Estamos agora bem perto do fim da leitura de A Máquina de Fazer Espanhóis e detetives continuam a visitar o Lar da Feliz Idade em busca de indícios de possíveis crimes no asilo. Ao mesmo tempo, António é confrontado com um dilema incontornável: qual será o seu legado quando seus dias acabarem? Curiosos para saber o desfecho dessa trama? Então continuem nos acompanhando! Na próxima semana, avançamos mais dois capítulos de A Máquina de Fazer Espanhóis – até a página 241, se você tem a edição da Biblioteca Azul, ou até a página 231, se você tem a edição da Cosac Naify.
Por Mariane Domingos e Tainara Machado
Alguns capítulos de A Máquina de Fazer Espanhóis nos impressionam pela incrível capacidade que Valter Hugo Mãe tem de sintetizar ideias e pensamentos em algumas poucas páginas.
O décimo oitavo capítulo, um ótimo exemplo desse fôlego narrativo de Hugo Mãe, se inicia com mais uma demonstração da raiva que repousa dentro de António. As visitas de sua filha são sempre um evento traumático em seu cotidiano no Lar da Feliz Idade. Mais recentemente, ele transformou em hábito a atividade de espezinhar as flores que Elisa deposita regularmente no túmulo da mãe após suas visitas.
A atitude infantil de António expõe, como em tantos outros momentos, o fato de que a senilidade muitas vezes nada mais é do que um regresso aos hábitos dos primeiros anos de vida, só que em estágio mais triste, pois se regride, em vez de avançar.

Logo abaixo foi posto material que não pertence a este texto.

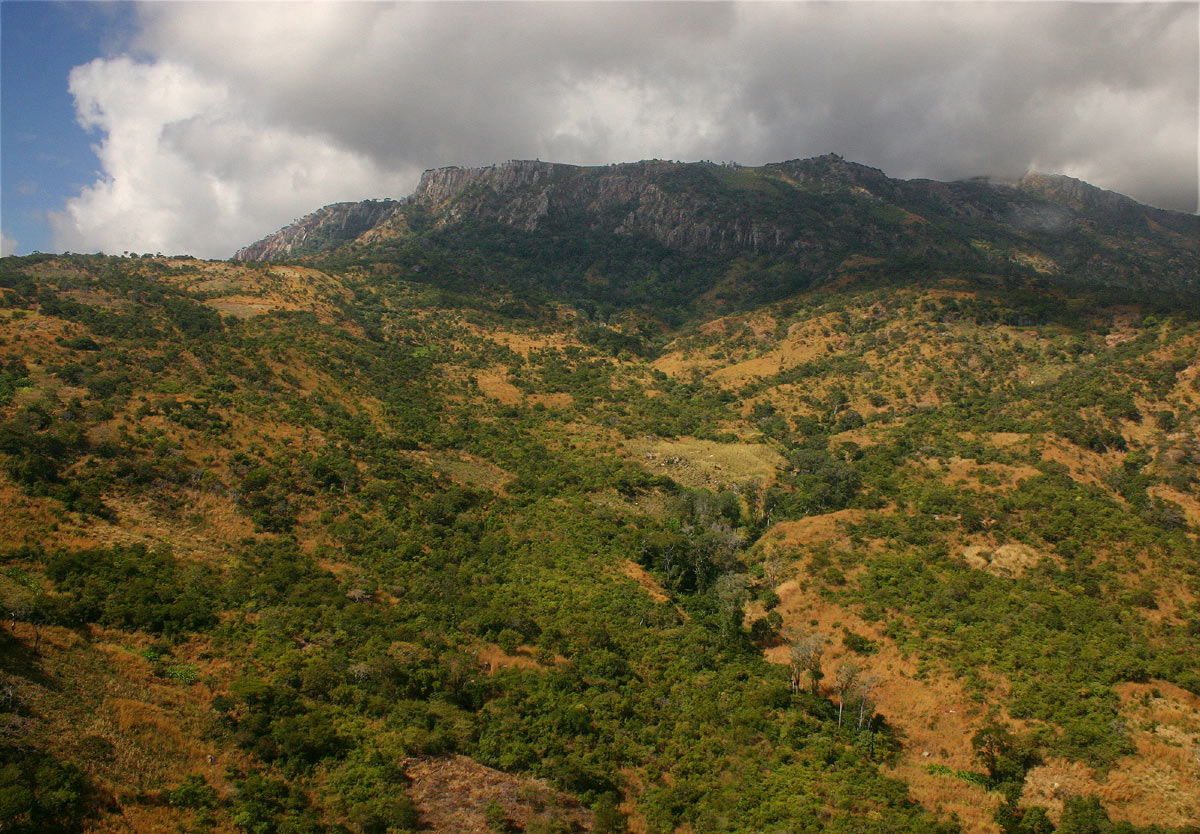 Mt Gorongsa from the drier northern slopes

As birras do idoso, contudo, contrastam com seu pleno domínio das razões pelas quais não gostaria de ver flores enfeitando o túmulo da esposa:
nenhuma beleza havia de se erguer levianamente diante de mim naquele lugar onde devia tanger o corpo da minha mulher. nenhuma beleza vestiria aquela brancura para me enganar do vazio da pedra, do frio da pedra, do modo como a pedra nem ouvia nem falava.